Bisogna ammetterlo, ormai chi realizza mockumentary horror viene etichettato come l’ennesimo coglione senza budget che cerca fortuna e gloria usando il modo migliore di nascondere la propria incapacità di girare un film vero e proprio.
Fortunatamente non è il caso dei Vicious Brothers che, oltre a ostentare un nome squisitamente tamarro, hanno saputo premiare la fiducia del pubblico con un finto documentario capace di spazzare via in un solo colpo i vari Blair Witch Project e discendenti vari.
I Vicious Brothers, tanto per chiarire e accontentare i curiosi, non sono affatto parenti. Si chiamano Colin Minihan e Stuart Ortiz, e sono due semplicissimi ragazzi americani legati dalla passione per l’horror e il fantastico. Passione che, a suon di tentativi, sono riusciti convogliare in questo film. Il fatto che sia l’ennesimo mockumentary che promette spaventi e terrore a profusione non deve far storcere il naso perchè, mai come in questo caso, le promesse vengono mantenute più che abbondantemente e, cosa più che apprezzabile, all’immaginazione dello spettatore e alle furbizie del vedo-non vedo per risparmiare sugli effetti speciali viene lasciato pochissimo spazio.

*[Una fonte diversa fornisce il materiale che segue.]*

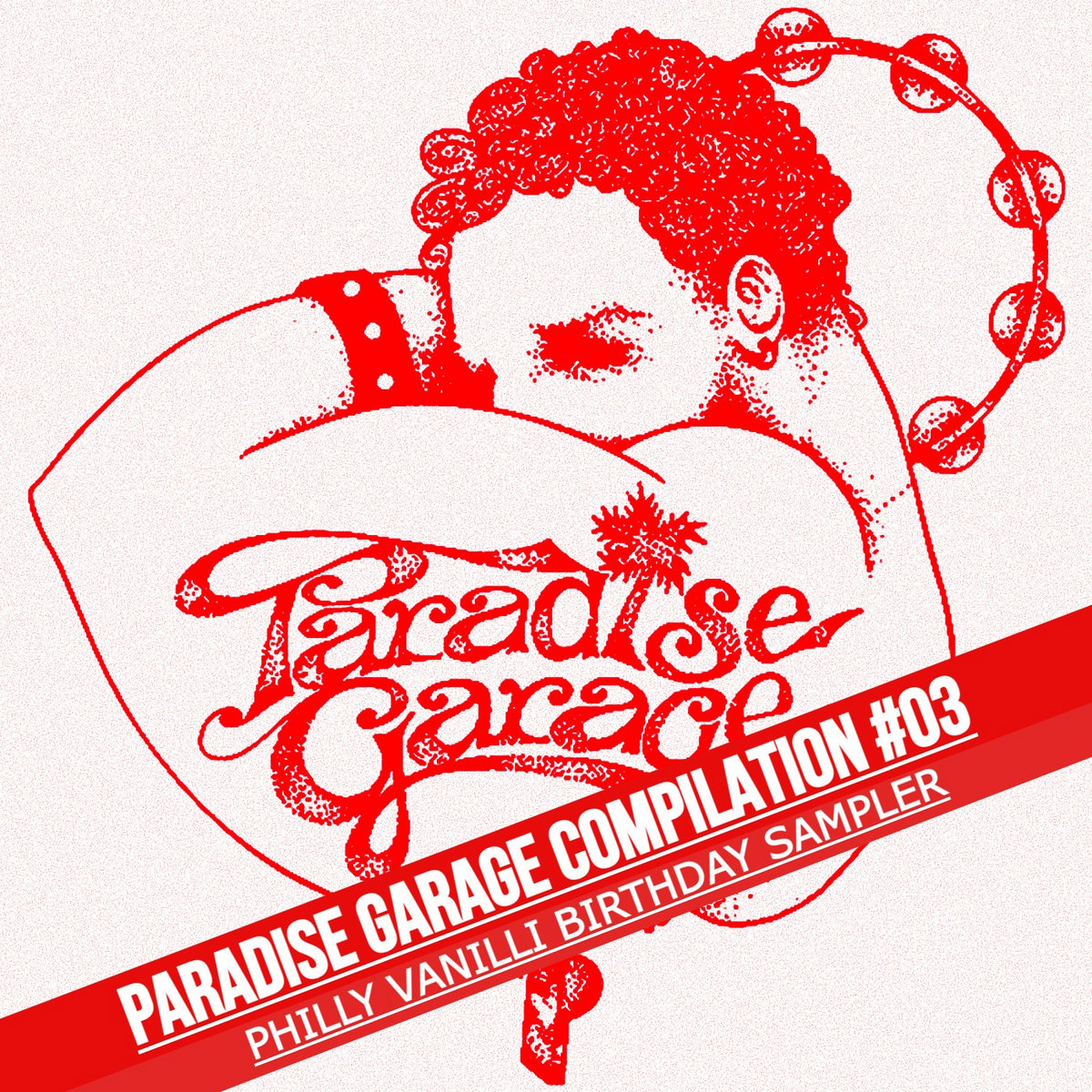 PARADISE GARAGE COMPILATION #03 ++ Philly Vanilli Birthday Sampler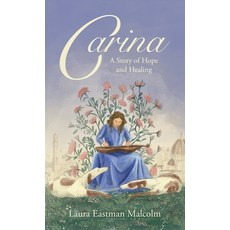 (영문도서) Carina Hardcover, Laura Eastman Malcolm, English, 9781960814166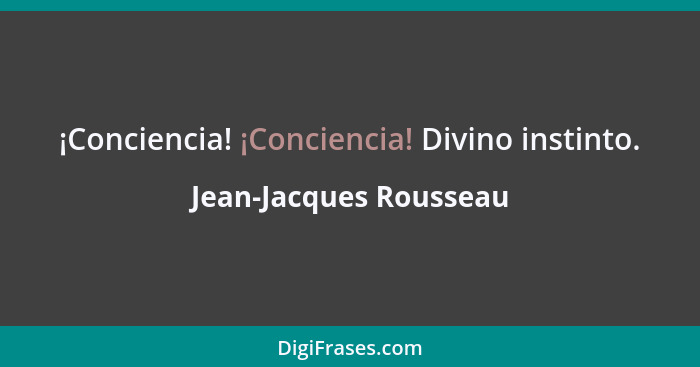 ¡Conciencia! ¡Conciencia! Divino instinto.... - Jean-Jacques Rousseau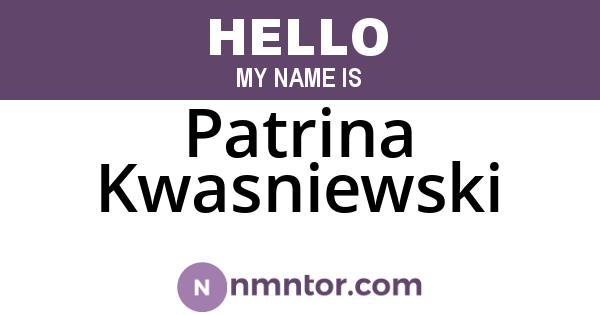 Patrina Kwasniewski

La trama vede come protagonisti i componenti di una troupe televisiva specializzata nel realizzare finti reality in cui vengono smascherate presenze paranormali. Questo tipo di programma in America gode di una discreta fama di pubblico che ama farsi prendere per il culo e lasciarsi spaventare per cose che non vengono mai mostrate e/o dimostrate completamente, il che rende i protagonisti del film perfetti come valvola di sfogo per le frustrazioni che questi finti reality causano da anni negli appassionati di paranormale e in tutti quelli che vogliono credere come quel bamboccione nerd di Fox Mulder nei confronti dei suoi beneamati X-Files (categoria a cui io appartengo, tra l’altro). Se a tutto questo aggiungiamo l’ambiente inquietante e claustrofobico di un vecchio ospedale psichiatrico abbandonato, dove, tra le altre simpatiche pratiche i dottori avevano anche il vizietto della lobotomia, ecco che le cose iniziano a prendere l’esatta piega che un amante dell’horror desidera.
Ovviamente, anche questa pellicola non si discosta dalle regole base del mockumentary. Quindi si parte scontrandosi con il fastidioso movimento della camera a mano (che mostra sempre troppo poco) e si arriva, in un continuo crescendo di tensione, all’esasperante e inquietante finale. Il tutto orchestrato sapientemente, tra sparizioni di persone, oggetti che si muovono da soli e manifestazioni di fantasmi incazzati e vendicativi che riempiono lo schermo sempre di più man mano che il film scorre. Questi sono i tre elementi che stanno alla base del film e, per quanto si possano ritenere scontati e stravisti in ogni salsa, vengono piazzati sempre nei punti giusti, garantendo il salto sulla sedia e, alcune volte, perfino un bel brivido lungo la schiena. Tutto questo aiuta parecchio a sopportare la solita domanda esistenziale che pervade chiunque guardi un mockumentary: ma chi cazzo te lo fa fare di avere una mano occupata a tenere la telecamera sempre e comunque? A scuola nessuno ti ha insegnato che quando le cose iniziano a muoversi da sole e inizi a sentire grida nel buio e i tuoi amici cominciano a sparire e non puoi chiamare i veri Ghostbusters o un qualsiasi cazzo di esorcista è il caso che le mani le usi tutte e due?
Per fotuna i fratelli Vicious non sono così sprovveduti come la giovane età potrebbe far pensare, e piazzano scuse più o meno credibili ogni volta che la domanda si fa strada nel cervello allo sbando dello spettatore; dimostrando di aver fatto tesoro delle critiche che spesso hanno stroncato i predecessori del loro film, permettendo di mantenere il nervoso del pubblico e la credibilità delle situazioni mostrate sempre su livelli discretamente accettabili.
Benvengano, dunque, i mockumentary capaci di far sporcare le mutande, specialmente quando non si approfittano di finte pubblicità che li vorrebbero far passare per fatti davvero accaduti. Benvengano i ragazzi che riescono a realizzare progetti del genere prima di compiere trent’anni e benvengano le persone che danno fiducia a questi progetti portandoli nelle sale cinematografiche. Ora resta una forte curiosità nel sapere cosa potrebbero realizzare questi ragazzi con un giusto budget e un progetto che non sia un mockumentary tra le mani.